Ils estimaient que toute chose n’est pas immuable, mais change et se développe ; que le temps progresse, que le présent surpasse le passé ; qu’il est faux de prétendre que le présent fait marche arrière, qu’il s’achemine vers la réaction, que «le présent ne vaut pas le passé ».

Mais les partisans de l’apriorisme idéaliste soutenaient le contraire. Ils persistaient dans le divorce entre l’objectif et le subjectif, propageaient des inepties pour empoisonner et duper la masse du peuple.

De nos jours, Liou Chao-­chi, Lin Piao et autres escrocs politiques prônaient également l’apriorisme idéaliste, propageaient des absurdités sur le « génie » et le « super­génie », sur le «processus du subjectif à l’objectif », etc.

N’est-­il pas évident que leur but criminel était de faire tourner à rebours la roue de l’Histoire et de renverser la dictature du prolétariat pour restaurer le capitalisme en Chine ?

L’étude de la lutte du matérialisme contre l’apriorisme idéaliste dans l’histoire de la philosophie nous permet de mieux comprendre le caractère réactionnaire de l’apriorisme idéaliste, philosophie au service des classes réactionnaires au pouvoir.

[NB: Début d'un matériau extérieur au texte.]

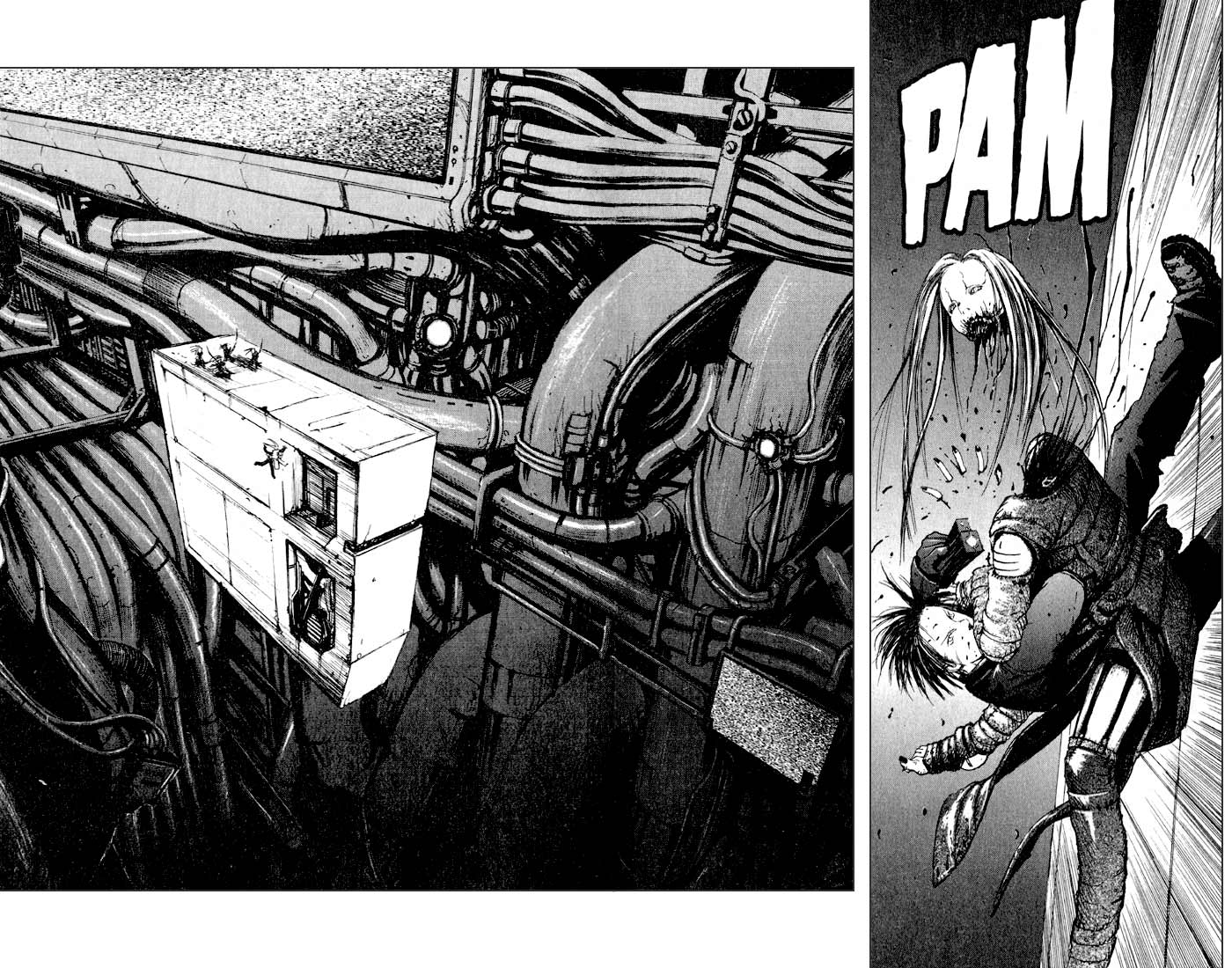 Blame! Chapter 8.1 - halaman 42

Dans l’histoire de la Chine, par exemple, l’apriorisme idéaliste prêché par Confucius était au service du pouvoir des propriétaires d’esclaves en décadence ; plus tard, Tong Tchong­-chou et d’autres développèrent cet apriorisme, fournissant un fondement théorique aux gouvernants féodaux pour opprimer le peuple pendant plus de deux mille ans.

L’étude de la lutte entre les deux lignes dans l’histoire de la philosophie chinoise nous permet de mieux comprendre l’importance de la lutte de classes dans le domaine idéologique. Comme l’a indiqué le président Mao :

« Pour renverser un pouvoir politique, on commence toujours par préparer l’opinion publique et par agir dans le domaine idéologique. Cela est vrai aussi bien pour une classe révolutionnaire que pour une classe contre-révolutionnaire. »

Il est donc extrêmement important pour nous de mener, selon les enseignements du président Mao, la lutte de classes dans le domaine de la superstructure.